Although I started in the Coping/Infidelity section and unfortunately made it to the Divorced section, I am posting this question here because I have seen a wealth of information on usages with technology. 

With the advice from many, I got a new cell phone number and have been able to keep it from my ex. Recently I found out he obtained my new number. I know he has tracked other people with an application that allows such and I remember several of you referring this application on to people with Iphones. He has an Iphone(4) and I have a Verizon Droid. Can he track my location now that he knows my number? I am a little worried as I believe he would do so.


----------



## Jellybeans (Mar 8, 2011)

52, I'm not sure about how he could do that but I'm not very phone savvy...

Do you know what the application is called? If you guys still call eachother/text, maybe he can track it that way?


----------



## Almostrecovered (Jul 14, 2011)

He would have to physically get a hold of your phone for 10 minutes to put spyware on it.
Otherwise I can't see how he could get the info on your phone unless he is an account holder or has access to the computer that you sync the phone with.


----------



## HerToo (Oct 3, 2011)

I know the iphone 4 has an application that the owner of the phone can sign up for via login and password that helps the owner locate their iphone if they misplace it. Call Verizon Wireless and ask them if the same is possible with a Droid. Also, ask them about ways to secure your cell phone from stalking activities. They can help you.


----------



## naomi105813 (Oct 7, 2011)

There must be trust between the couples,right?


----------



## tacoma (May 1, 2011)

HerToo said:


> I know the iphone 4 has an application that the owner of the phone can sign up for via login and password that helps the owner locate their iphone if they misplace it. Call Verizon Wireless and ask them if the same is possible with a Droid. Also, ask them about ways to secure your cell phone from stalking activities. They can help you.

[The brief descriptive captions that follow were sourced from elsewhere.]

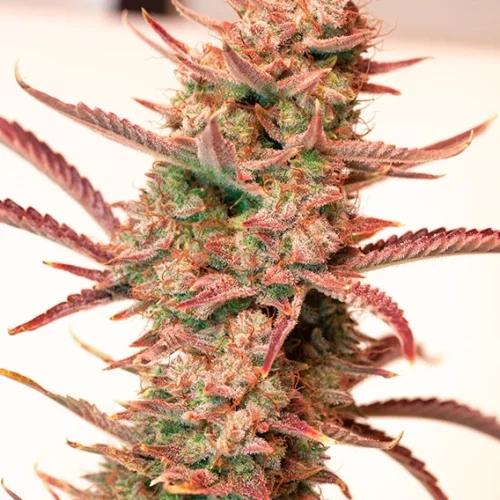 Dutch Passion Cannabis Seeds Auto Banana Blaze® Autoflowering 7 db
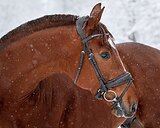 Молодой мерин в спорт. Деше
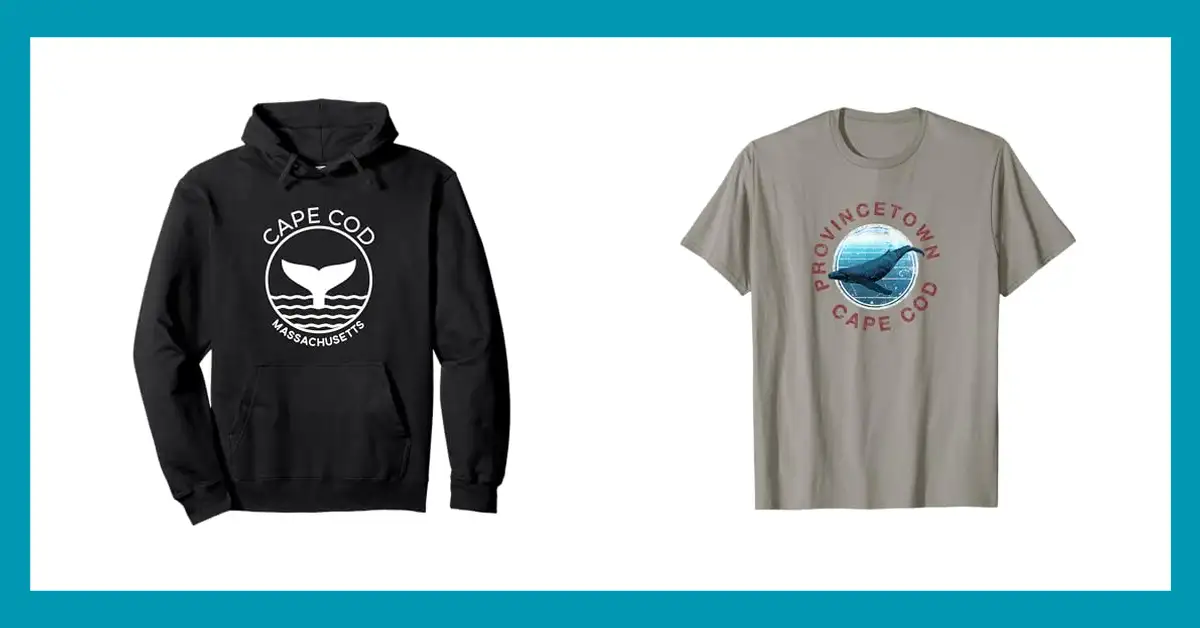 best whale watch cape cod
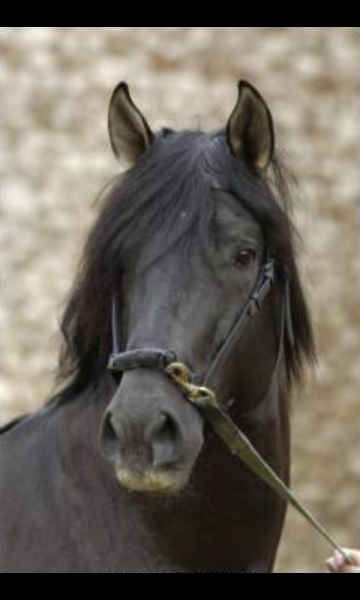 Photo de profil de ariane57000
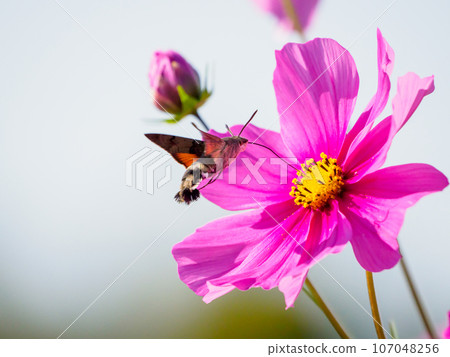 Cosmos and Houjaku 107048256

This is regulated by the e-mail address of the phones owner.

When the "Find my iPhone" app is run in search of a phone an e-mail is sent to the phones owner so it`s not good to use for spying.

AS far as Android goes there are a number of apps that can be used to track a phone, see texts, and so on but he would need to have your phone in his possession long enough to download and install one of these apps.

If he hasn`t had direct access to your phone you`re probably ok.


----------